王望旺问了这样一个问题,但是紧接着,他就笑了笑。
是嘲笑自已的笑。
这完全是做得到的,现代整容科技如此发达,想要把自已的脸改造成另外一个人的脸,是完全做得到的。
即便做不得十分像,八九分相似,是完全没有问题的。
贺鲁作为少数民族,本身长的就比较粗犷,因此看起来,就会更没有违和感。
至于声音的问题,凶手自已也找到了一个很好解决的办法。
那就是在现场救火,把自已弄得灰头土脸的,然后宣称,嗓子被烟给熏坏了。
然后平常说话,只要沙哑着嗓子说话,就不会有任何的问题。
再加上贺鲁是一个人独居的,也不是那么合群,再有口罩的加持,还真不好发现其实贺鲁已经换了一个人。
“那你是怎么发现这一点的?”王望旺疑惑的问道。
“啊哈哈~尸检报告出来的时候,我就有点怀疑了,因为尸体上有很多陈年老伤,我观察了一下,和贺鲁平常表演容易受的伤位置基本上是一致的。
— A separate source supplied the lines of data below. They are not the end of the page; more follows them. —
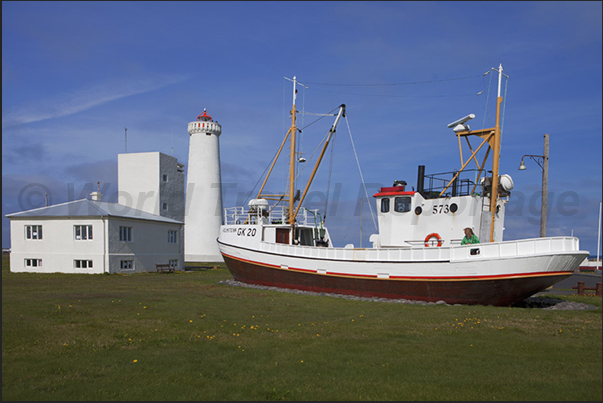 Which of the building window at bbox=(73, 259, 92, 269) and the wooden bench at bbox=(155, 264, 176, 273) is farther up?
the building window at bbox=(73, 259, 92, 269)

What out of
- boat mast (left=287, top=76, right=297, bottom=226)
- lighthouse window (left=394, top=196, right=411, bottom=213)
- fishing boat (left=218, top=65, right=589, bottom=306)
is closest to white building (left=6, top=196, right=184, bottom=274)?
fishing boat (left=218, top=65, right=589, bottom=306)

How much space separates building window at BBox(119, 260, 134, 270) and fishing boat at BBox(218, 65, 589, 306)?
9.77 m

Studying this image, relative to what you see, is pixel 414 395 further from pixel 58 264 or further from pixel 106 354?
pixel 58 264

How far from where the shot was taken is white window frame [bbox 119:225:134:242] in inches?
1347

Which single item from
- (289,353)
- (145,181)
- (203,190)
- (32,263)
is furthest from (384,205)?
(145,181)

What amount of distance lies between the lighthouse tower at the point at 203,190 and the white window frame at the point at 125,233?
1366 centimetres

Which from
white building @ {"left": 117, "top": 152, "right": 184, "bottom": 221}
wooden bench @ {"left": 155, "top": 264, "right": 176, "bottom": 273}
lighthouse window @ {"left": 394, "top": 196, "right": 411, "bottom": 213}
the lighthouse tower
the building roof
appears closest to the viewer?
lighthouse window @ {"left": 394, "top": 196, "right": 411, "bottom": 213}

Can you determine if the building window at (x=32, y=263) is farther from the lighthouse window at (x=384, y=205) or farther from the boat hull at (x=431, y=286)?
the lighthouse window at (x=384, y=205)

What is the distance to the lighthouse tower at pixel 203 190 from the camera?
48125 mm

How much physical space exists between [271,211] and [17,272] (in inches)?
733

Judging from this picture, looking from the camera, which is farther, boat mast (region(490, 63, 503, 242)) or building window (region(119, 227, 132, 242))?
building window (region(119, 227, 132, 242))

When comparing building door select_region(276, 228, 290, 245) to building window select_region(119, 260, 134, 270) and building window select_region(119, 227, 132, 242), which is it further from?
building window select_region(119, 260, 134, 270)

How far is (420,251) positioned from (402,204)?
4.18m

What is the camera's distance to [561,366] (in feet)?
30.1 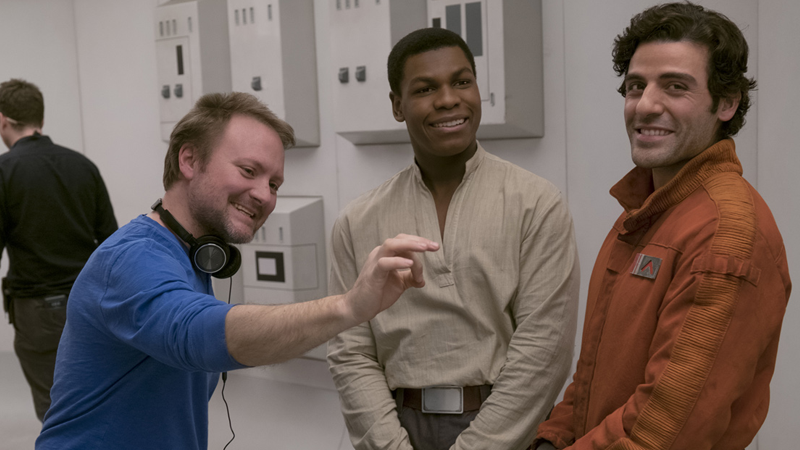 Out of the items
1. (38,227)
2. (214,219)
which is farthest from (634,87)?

”
“然后那天我们去贺鲁的家里走访,他本来想要给我们倒水,但是自已却找不到杯子了,这在自已家里,是不应该的。
而且,那个贺鲁的脚,看起来非常的干净,没有什么泥污,不像是经常赤脚走路的人~”
听了苗妙淼的推理,王望旺是衷心的佩服。
那么贺鲁父母坟墓被盗也就能说的通了,假扮贺鲁的人,应该是从贺鲁叔叔那里得知了,警方怀疑死者是贺鲁家族的人了。
所以才想要毁灭掉贺鲁dnA的比对来源,只要dnA结果没有,就构不成有效的证据,死者的身份不暴露,自已就会处于一个安全的位置。
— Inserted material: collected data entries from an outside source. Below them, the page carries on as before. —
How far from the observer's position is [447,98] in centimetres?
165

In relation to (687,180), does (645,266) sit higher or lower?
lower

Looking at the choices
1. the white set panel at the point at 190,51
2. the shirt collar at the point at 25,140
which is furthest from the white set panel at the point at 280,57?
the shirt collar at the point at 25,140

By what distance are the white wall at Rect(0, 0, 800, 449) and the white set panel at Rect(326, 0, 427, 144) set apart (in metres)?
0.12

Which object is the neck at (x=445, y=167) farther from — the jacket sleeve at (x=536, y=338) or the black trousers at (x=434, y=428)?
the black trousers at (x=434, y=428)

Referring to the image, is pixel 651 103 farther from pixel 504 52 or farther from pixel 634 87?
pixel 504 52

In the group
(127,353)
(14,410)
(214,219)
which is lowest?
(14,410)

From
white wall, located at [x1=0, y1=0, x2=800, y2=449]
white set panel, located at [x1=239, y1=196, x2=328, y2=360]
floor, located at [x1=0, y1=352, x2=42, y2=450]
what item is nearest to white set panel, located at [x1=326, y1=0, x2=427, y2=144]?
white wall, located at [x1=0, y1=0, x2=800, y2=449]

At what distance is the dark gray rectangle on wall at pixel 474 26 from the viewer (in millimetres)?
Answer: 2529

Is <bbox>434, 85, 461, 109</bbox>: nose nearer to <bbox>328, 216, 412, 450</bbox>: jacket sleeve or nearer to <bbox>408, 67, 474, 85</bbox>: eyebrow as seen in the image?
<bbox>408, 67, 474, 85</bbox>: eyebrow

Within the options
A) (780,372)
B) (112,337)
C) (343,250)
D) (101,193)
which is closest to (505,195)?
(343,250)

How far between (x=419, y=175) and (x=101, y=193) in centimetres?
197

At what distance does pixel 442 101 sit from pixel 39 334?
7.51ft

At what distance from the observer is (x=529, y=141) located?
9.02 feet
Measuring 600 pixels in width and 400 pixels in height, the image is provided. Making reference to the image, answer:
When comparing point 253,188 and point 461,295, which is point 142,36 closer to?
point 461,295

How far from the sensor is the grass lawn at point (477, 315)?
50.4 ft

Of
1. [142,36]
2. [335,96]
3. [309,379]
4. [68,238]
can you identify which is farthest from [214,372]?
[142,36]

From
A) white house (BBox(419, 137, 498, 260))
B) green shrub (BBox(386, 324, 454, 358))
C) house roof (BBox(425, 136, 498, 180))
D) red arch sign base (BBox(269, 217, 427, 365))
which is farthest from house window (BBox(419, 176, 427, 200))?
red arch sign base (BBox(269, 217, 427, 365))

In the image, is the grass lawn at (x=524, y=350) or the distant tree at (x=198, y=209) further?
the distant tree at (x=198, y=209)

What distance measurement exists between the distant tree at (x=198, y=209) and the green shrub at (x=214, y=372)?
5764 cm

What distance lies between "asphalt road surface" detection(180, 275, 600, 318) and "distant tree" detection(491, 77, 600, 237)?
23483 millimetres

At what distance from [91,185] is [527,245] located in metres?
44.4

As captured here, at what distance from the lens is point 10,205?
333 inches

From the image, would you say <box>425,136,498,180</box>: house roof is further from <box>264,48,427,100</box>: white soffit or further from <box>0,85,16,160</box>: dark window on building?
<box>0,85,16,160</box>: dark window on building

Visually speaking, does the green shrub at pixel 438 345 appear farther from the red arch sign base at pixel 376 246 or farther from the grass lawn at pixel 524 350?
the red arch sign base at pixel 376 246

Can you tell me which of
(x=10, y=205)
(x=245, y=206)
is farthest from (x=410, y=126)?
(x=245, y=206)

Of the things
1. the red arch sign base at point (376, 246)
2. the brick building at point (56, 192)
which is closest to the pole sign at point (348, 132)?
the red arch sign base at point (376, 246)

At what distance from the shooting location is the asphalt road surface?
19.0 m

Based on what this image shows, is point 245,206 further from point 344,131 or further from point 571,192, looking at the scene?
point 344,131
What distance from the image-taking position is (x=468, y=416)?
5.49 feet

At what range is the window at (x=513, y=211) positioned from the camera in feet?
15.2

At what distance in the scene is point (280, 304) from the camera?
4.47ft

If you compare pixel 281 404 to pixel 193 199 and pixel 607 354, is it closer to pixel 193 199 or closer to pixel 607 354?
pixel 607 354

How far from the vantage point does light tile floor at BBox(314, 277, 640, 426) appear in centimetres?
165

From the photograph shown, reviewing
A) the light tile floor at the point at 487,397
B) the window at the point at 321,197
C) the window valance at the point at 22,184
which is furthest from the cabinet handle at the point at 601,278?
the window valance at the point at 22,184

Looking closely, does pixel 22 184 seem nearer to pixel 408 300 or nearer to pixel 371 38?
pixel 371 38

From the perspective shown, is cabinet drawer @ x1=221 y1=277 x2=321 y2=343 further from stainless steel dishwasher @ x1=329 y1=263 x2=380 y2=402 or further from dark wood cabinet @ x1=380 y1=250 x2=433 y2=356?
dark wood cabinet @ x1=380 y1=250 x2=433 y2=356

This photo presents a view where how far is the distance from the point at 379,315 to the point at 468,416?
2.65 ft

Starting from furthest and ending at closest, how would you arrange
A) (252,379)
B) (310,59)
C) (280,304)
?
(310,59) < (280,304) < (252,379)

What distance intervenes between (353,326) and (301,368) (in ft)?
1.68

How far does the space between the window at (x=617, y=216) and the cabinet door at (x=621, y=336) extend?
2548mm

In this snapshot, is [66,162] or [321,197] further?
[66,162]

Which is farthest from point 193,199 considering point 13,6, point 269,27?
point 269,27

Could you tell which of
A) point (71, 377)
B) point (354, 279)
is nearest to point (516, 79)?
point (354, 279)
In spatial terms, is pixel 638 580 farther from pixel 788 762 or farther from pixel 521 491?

接下来,专案组要做的工作也就很简单了,只要控制住现在的贺鲁,采集他的dnA,与贺鲁父亲的dnA进行一下比对,就可以确认他并不是贺鲁了。
而在贺鲁的家中,总会发现真贺鲁遗留下的毛发皮屑之类的东西,只要这些东西检测出的dnA与死者的一致,就可以成为决定性的证据了。
一行人很快就到了贺鲁的住处,但是还是来晚了,已经人去房空了。